The input ▸
========

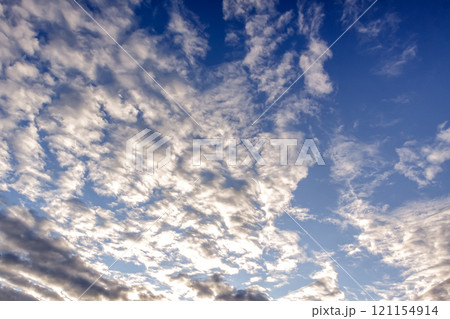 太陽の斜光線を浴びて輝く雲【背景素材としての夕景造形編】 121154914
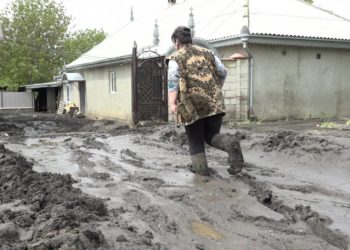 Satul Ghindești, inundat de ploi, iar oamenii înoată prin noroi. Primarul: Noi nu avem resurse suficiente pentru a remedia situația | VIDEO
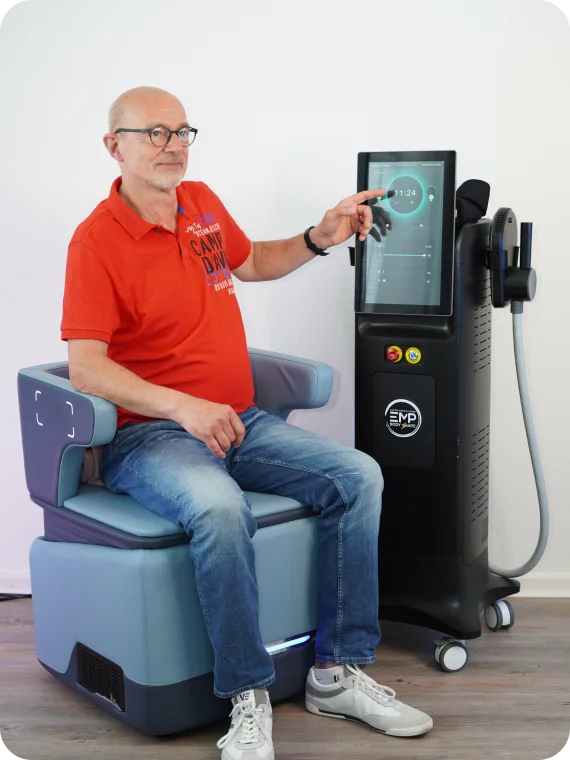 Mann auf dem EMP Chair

========

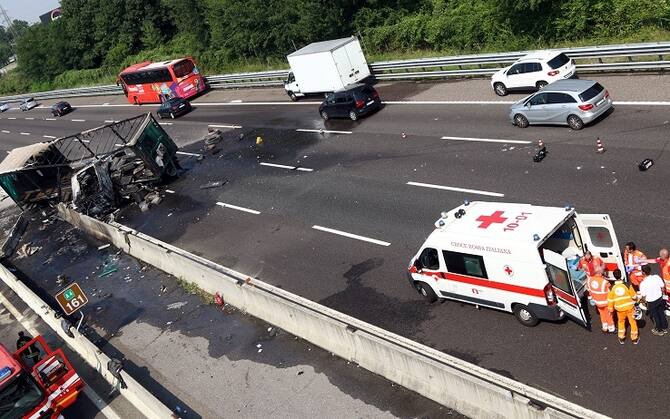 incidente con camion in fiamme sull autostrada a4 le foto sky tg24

========

From the records above, output only the lines starting at the one containing "太陽の斜光線を浴びて輝く雲【背景素材としての夕景造形編】 121154914" and ending at the one containing "Mann auf dem EMP Chair", word for word. Pictures stay out.

Task answer ▸
 太陽の斜光線を浴びて輝く雲【背景素材としての夕景造形編】 121154914
 Satul Ghindești, inundat de ploi, iar oamenii înoată prin noroi. Primarul: Noi nu avem resurse suficiente pentru a remedia situația | VIDEO
 Mann auf dem EMP Chair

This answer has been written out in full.